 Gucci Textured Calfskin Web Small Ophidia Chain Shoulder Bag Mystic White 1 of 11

────────

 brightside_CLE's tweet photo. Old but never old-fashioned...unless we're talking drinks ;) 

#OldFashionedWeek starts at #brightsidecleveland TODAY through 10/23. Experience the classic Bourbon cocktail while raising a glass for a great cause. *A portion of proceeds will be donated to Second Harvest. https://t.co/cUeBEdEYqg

────────

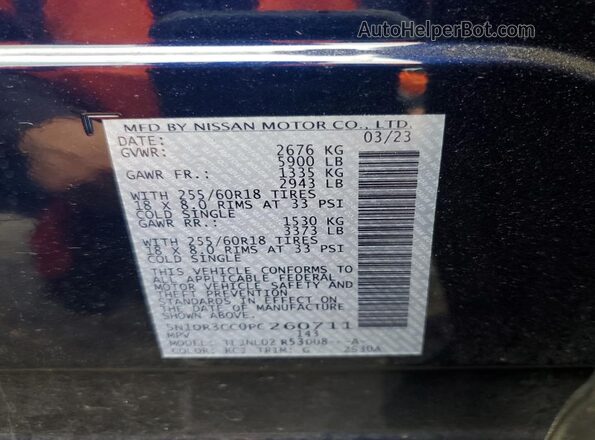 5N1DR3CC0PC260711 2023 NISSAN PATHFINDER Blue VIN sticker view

────────

Exercise
Please copy, exactly and with nothing else, the lines above beginning at the line that has "brightside_CLE's tweet photo." and ending with the line that has "#OldFashionedWeek starts at".

Exercise output
 brightside_CLE's tweet photo. Old but never old-fashioned...unless we're talking drinks ;) 

#OldFashionedWeek starts at #brightsidecleveland TODAY through 10/23. Experience the classic Bourbon cocktail while raising a glass for a great cause. *A portion of proceeds will be donated to Second Harvest. https://t.co/cUeBEdEYqg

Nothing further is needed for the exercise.